Bayesian nonparametric statistics
Updating more dimensions than datapoints
May 30, 2016 — April 7, 2022
1 Useful stochastic processes
Dirichlet priors, other measure priors, Gaussian Process regression, reparameterisations etc. 🏗
2 Posterior updates in infinite dimensions
For now, this is just a bookmark to the general measure-theoretic notation that unifies, in principle, the various Bayesian nonparametric methods. A textbook on general theory is Schervish (2012). Chapter 1 of Matthews (2017) is a compact introduction.
Particular applications are outlined in Matthews (2017) (GP regression) and Stuart (2010) (inverse problems).
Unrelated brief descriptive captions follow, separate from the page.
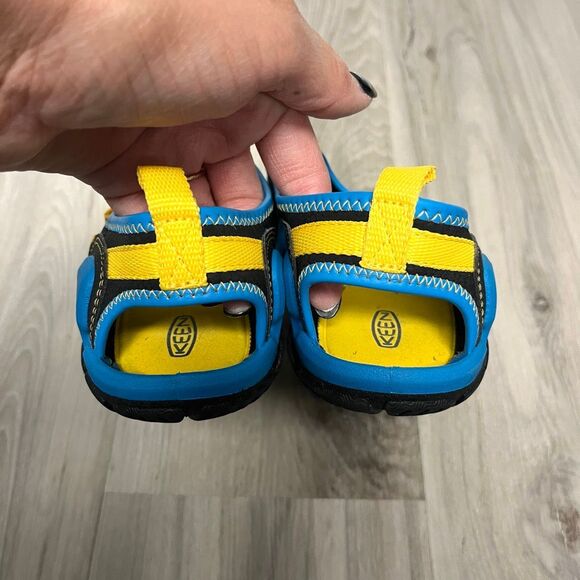 Keen Sandals Boys 1 Knotch Creek Blue, Black and Yellow Strappy - Picture 4 of 7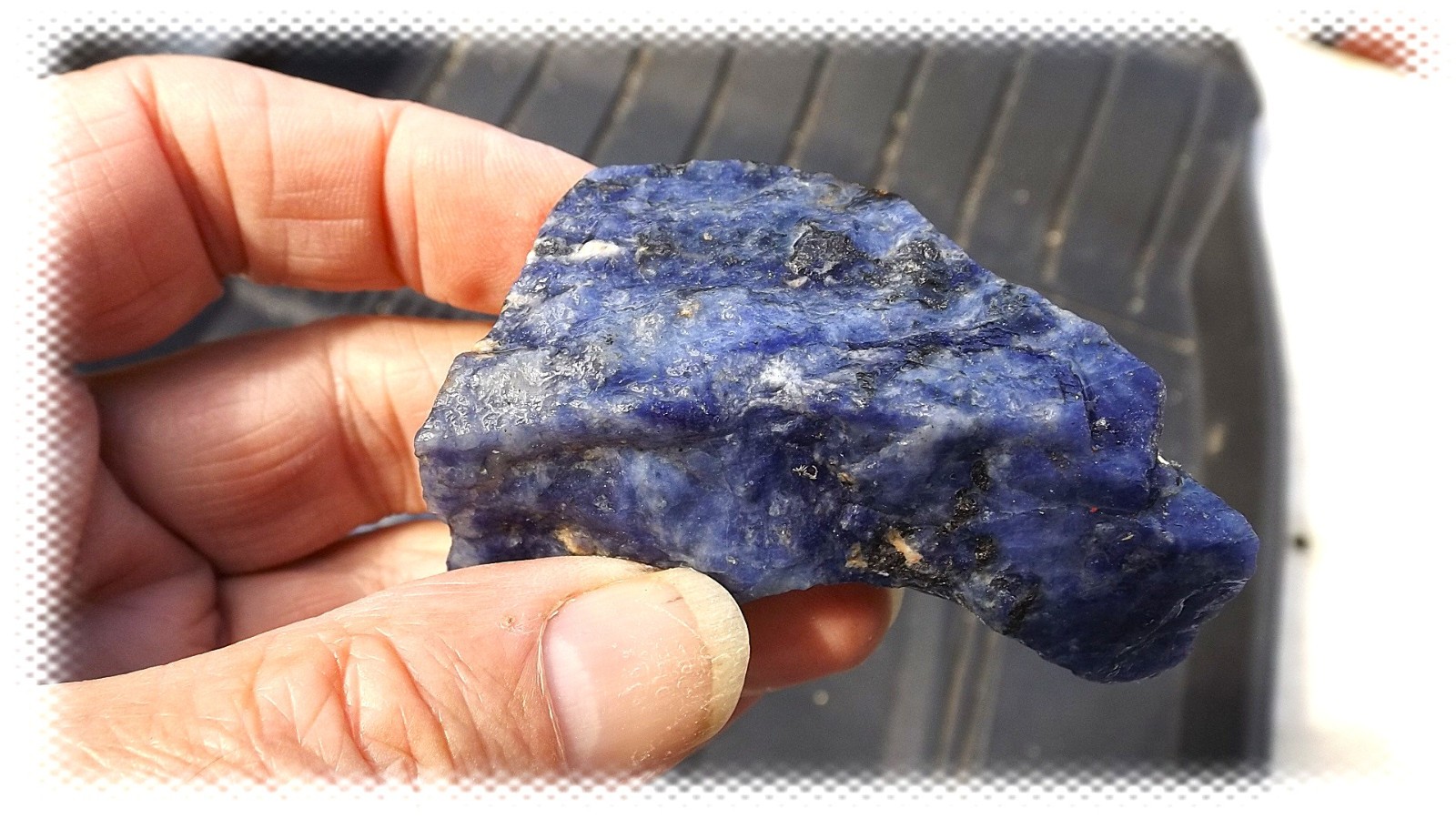 5 POUNDS Sodalite Crystal Pieces – Rough Stones – A Grade Raw Wholesale Rocks
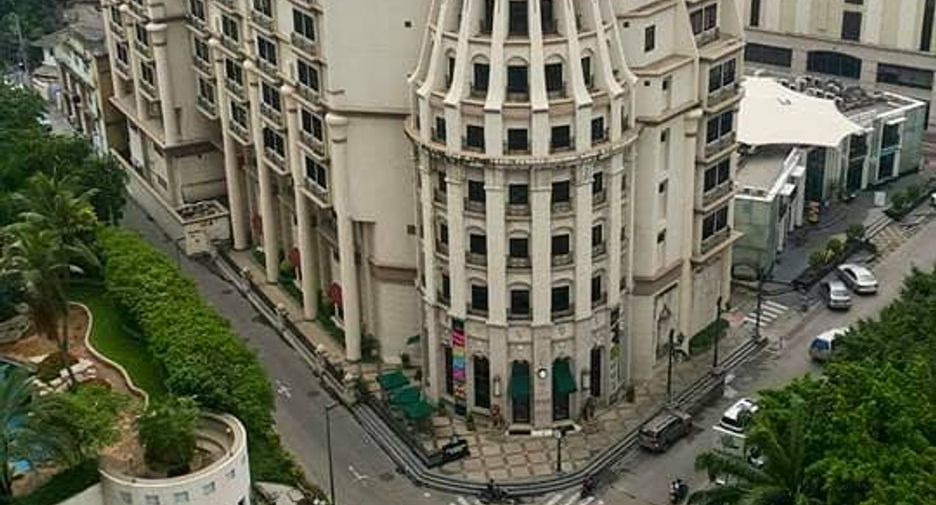 Condo en alquiler y en venta de 2 habitaciones en Khlong Toei, Bangkok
A brief introduction to the kind of measure-theoretic notation we need in the infinite-dimensional Hilbert space settings is in Alexanderian (2021), giving Bayes’ formula as \[ \frac{d \mu_{\text {post }}^{y}}{d \mu_{\text {pr }}} \propto \pi_{\text {like }}(\boldsymbol{y} \mid m), \] where the left-hand side is the Radon-Nikodym derivative of \(\mu_{\text {post }}^{y}\) with respect to \(\mu_{\text {pr }}\).
They observe
Note that in the finite-dimensional setting the abstract form of the Bayes’ formula above can be reduced to the familiar form of Bayes’ formula in terms of PDFs. Specifically, working in finite dimensions, with \(\mu_{\mathrm{pr}}\) and \(\mu_{\mathrm{post}}^{y}\) that are absolutely continuous with respect to the Lebesgue measure \(\lambda\), the prior and posterior measures admit Lebesgue densities \(\pi_{\mathrm{pr}}\) and \(\pi_{\text {post }}\), respectively. Then, we note \[ \pi_{\mathrm{post}}(m \mid \boldsymbol{y})=\frac{d \mu_{\mathrm{post}}^{y}}{d \lambda}(m)=\frac{d \mu_{\mathrm{post}}^{y}}{d \mu_{\mathrm{pr}}}(m) \frac{d \mu_{\mathrm{pr}}}{d \lambda}(m) \propto \pi_{\mathrm{like}}(\boldsymbol{y} \mid m) \pi_{\mathrm{pr}}(m) \]
3 Bayesian consistency
Consistency turns out to be potentially tricky for functional models. I am not an expert on consistency, but see Cox (1993) for some warnings about what can go wrong and Florens and Simoni (2016);Knapik, van der Vaart, and van Zanten (2011) for some remedies. tl;dr posterior credible intervals arising from over-tight priors may never cover the frequentist estimate. Further reading on this is in some classic refs (Diaconis and Freedman 1986; Freedman 1999; Kleijn and van der Vaart 2006).